These days, one way to sniff out a potential idea is to see if it passes the Boomer-Roomba test: if it is something that will benefit from Baby Boomers becoming senior citizens, and from the growing use of robots, you might be on to something.
One such idea, I suspect, is tennis — and also, perhaps, tennis’s more octagenarian-friendly sibling sports like badminton, pickleball, and ping pong.
Of course, tennis is already beloved around the globe, and played by young and old alike. But, the number of people playing it on a regular basis has typically been limited by at least one of the following factors:
— people participated in other sports/fitness activities instead
— people were busy with jobs or chores or raising children
— people had no tennis court easily accessible (or at least, not one that was not in use most of the time)
This last factor is particularly true for people in poorer countries; that is to say, for most people in the world. Tennis is a finnicky sport, compared to other sports like basketball, football, running, or even baseball, cricket, or road hockey. You can, for example, play basketball on a sloped driveway in front of your house, or on the road in front of your house. You can play football (soccer) in your backyard, or in a park, or in a parking lot with a surface that has been made uneven by years of being driven on. Tennis, in contrast, requires a far more level surface, and a much larger surface. Even, for example, when compared to playing full-court basketball, a tennis court can require about five times more floor space per player (if you are playing singles tennis):
Tennis courts’ size also makes tennis difficult to play indoors (indoor tennis bubble buildings notwithstanding), when compared to sports like basketball or, even more, when compared to indoor fitness gyms. (Tennis courts are even difficult to provide shade for, in comparison to, for instance, playing 3-on-3 basketball).
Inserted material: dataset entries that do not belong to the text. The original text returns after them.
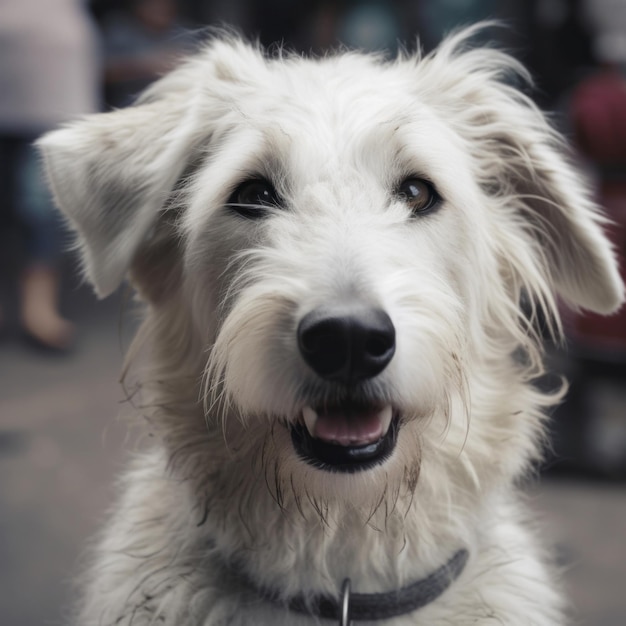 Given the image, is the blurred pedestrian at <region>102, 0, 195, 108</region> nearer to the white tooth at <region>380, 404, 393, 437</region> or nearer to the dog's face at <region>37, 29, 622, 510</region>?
the dog's face at <region>37, 29, 622, 510</region>

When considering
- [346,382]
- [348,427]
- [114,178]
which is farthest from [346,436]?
[114,178]

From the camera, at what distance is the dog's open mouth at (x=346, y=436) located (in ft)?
6.09

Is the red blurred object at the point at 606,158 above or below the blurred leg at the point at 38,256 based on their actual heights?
above

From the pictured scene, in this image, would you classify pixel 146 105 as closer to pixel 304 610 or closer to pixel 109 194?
pixel 109 194

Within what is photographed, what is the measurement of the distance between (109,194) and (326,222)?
720 millimetres

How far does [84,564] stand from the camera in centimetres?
275

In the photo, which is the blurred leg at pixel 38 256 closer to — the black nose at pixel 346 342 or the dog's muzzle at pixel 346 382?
the dog's muzzle at pixel 346 382

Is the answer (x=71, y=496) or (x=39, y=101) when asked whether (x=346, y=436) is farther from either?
(x=39, y=101)

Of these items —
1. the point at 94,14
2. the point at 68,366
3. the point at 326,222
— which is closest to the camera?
the point at 326,222

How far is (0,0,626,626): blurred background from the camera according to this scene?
12.9 ft

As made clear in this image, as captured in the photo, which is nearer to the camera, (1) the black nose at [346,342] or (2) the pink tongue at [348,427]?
(1) the black nose at [346,342]

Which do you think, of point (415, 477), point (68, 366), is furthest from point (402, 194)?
point (68, 366)

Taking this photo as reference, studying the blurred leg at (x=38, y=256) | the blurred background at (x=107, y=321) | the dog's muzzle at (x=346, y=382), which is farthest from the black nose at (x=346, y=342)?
the blurred leg at (x=38, y=256)

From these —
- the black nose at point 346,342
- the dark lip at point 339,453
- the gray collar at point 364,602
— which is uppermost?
the black nose at point 346,342
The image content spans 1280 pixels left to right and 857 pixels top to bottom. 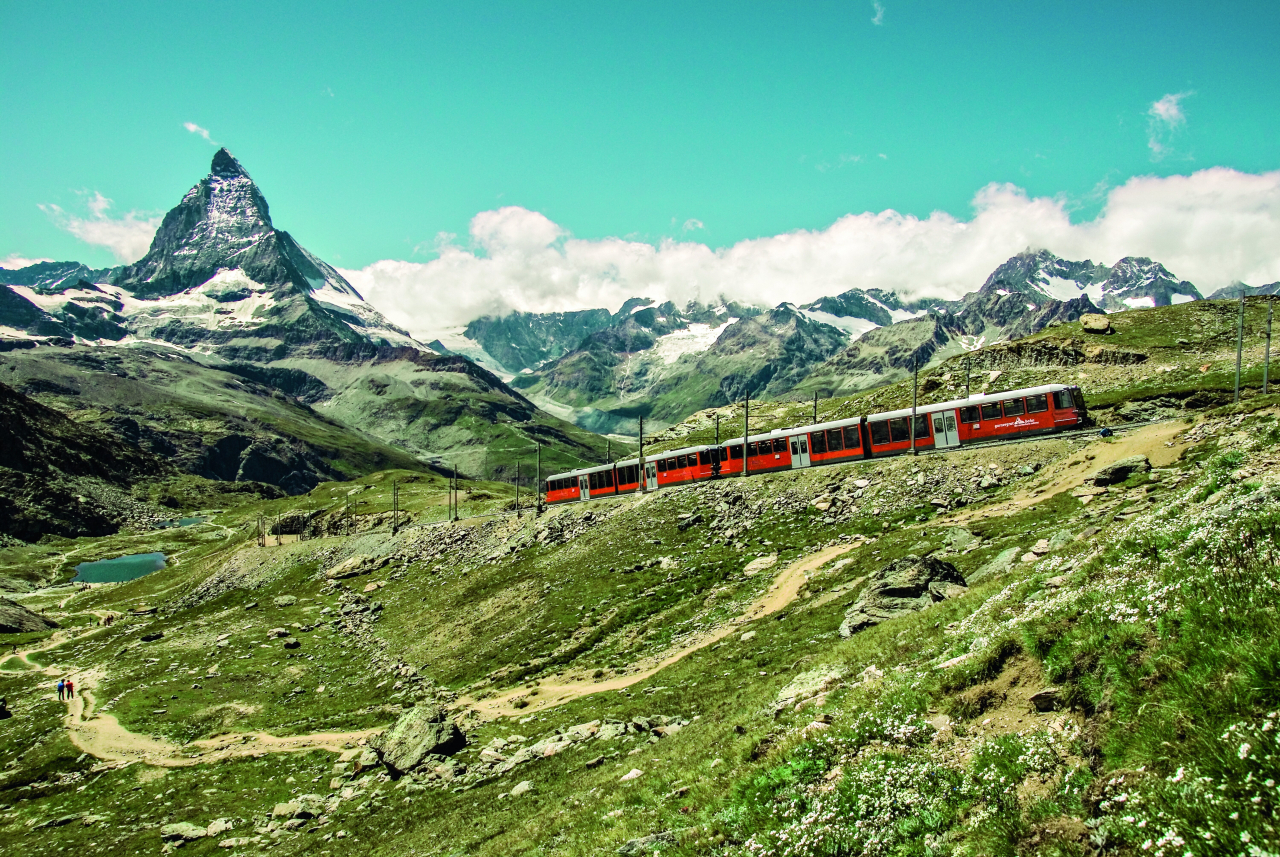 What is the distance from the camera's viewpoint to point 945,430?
58.4 m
This puts sports like tennis at a disadvantage, particularly in areas where weather gets hot, cold, or rainy—again, areas in which most people in the world live.
Anyway, back to the Boomeroomba test:
Boomers — tennis (and badminton, pickleball, etc, etc.) is more seniors-friendly than most other sports. Many Boomers (including Chinese Boomers, who are a decade or two younger than those in the West) still participate in sports like downhill skiing, long-distance cycling, or pickup basketball, but may stop or at least cut down on these sports as they age in years ahead.
Robots — robots may impact tennis in a number of ways. First, as robots are often meant as time-saving devices, and potentially as job-stealing devices, they may leave much more time for people to do things like play tennis. Second, robots may free up large amounts of commercial land, whether outdoors in parking lots or ndoors in malls or warehouses, as a result of technologies like autonomous vertical warehousing, autonomous delivery to consumers of goods bought online, or autonomous vehicles in general reducing the need for huge parking lots and making it easier for people to travel longer distances. Third, roomba-like robots can be ball boys.

So, tennis passes the test. Of course, so too might other sports — swimming, for example, or golf, or cross-country skiing or snow-shoeing, might also become common as a result of aging Boomers and of robots freeing up time and land. Moreso than tennis, however, those may be limited by their expense in many places.